■ WORKING DATA:
○ ○ ○ ○ ○ ○ ○
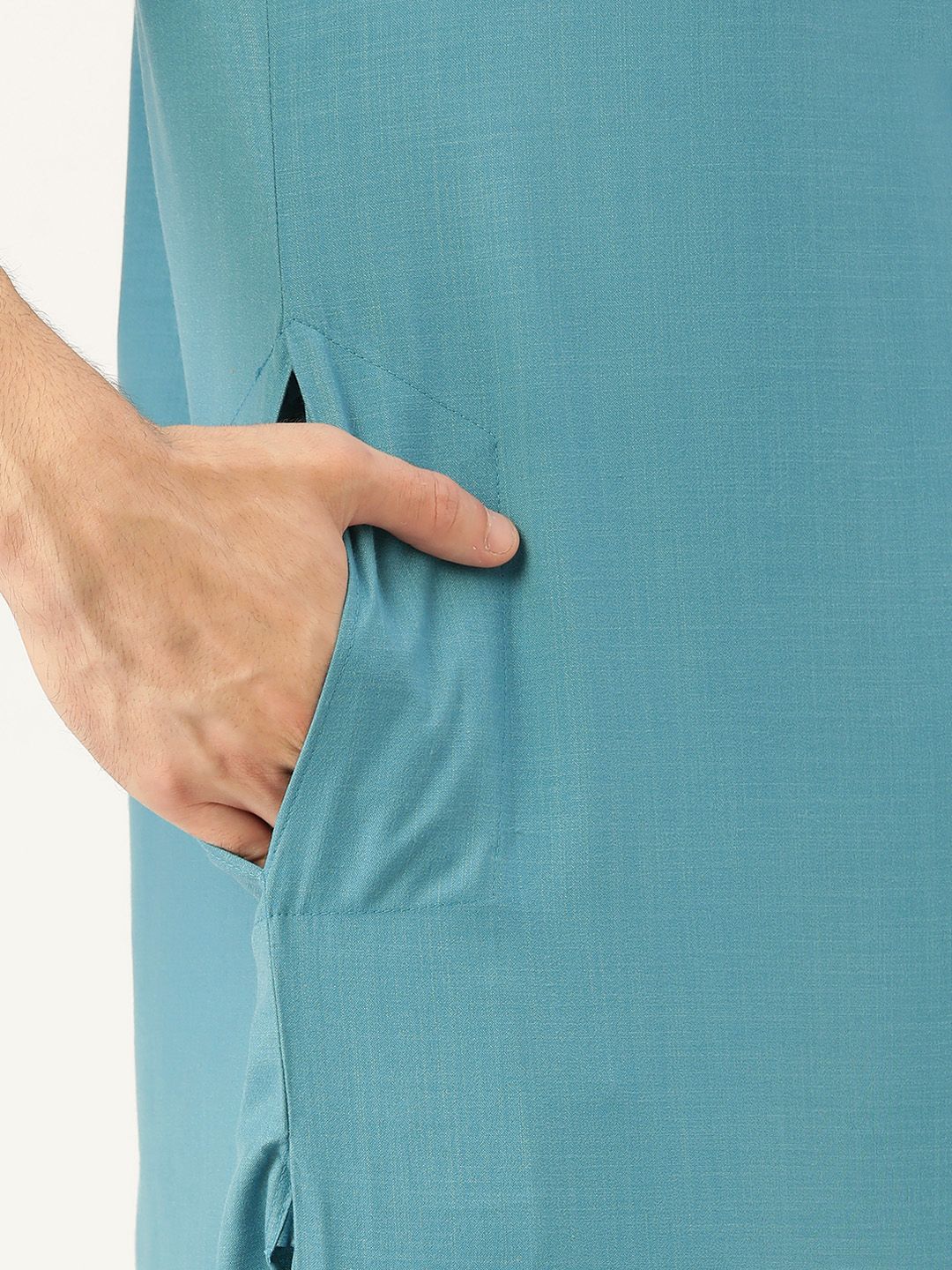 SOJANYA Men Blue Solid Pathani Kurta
○ ○ ○ ○ ○ ○ ○
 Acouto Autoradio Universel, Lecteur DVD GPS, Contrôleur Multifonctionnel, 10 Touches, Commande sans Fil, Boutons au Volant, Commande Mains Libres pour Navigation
○ ○ ○ ○ ○ ○ ○
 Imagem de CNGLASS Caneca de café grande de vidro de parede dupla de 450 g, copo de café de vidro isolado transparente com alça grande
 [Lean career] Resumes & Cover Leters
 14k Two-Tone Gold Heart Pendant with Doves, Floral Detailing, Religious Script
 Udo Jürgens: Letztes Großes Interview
○ ○ ○ ○ ○ ○ ○
■ EXERCISE PROMPT:
Above this task is a listing. Restate, word for word and with nothing added, the lines from the one with "[Lean career] Resumes & Cover Leters" through the one with "Udo Jürgens: Letztes Großes Interview".

■ ANSWER SPACE:
 [Lean career] Resumes & Cover Leters
 14k Two-Tone Gold Heart Pendant with Doves, Floral Detailing, Religious Script
 Udo Jürgens: Letztes Großes Interview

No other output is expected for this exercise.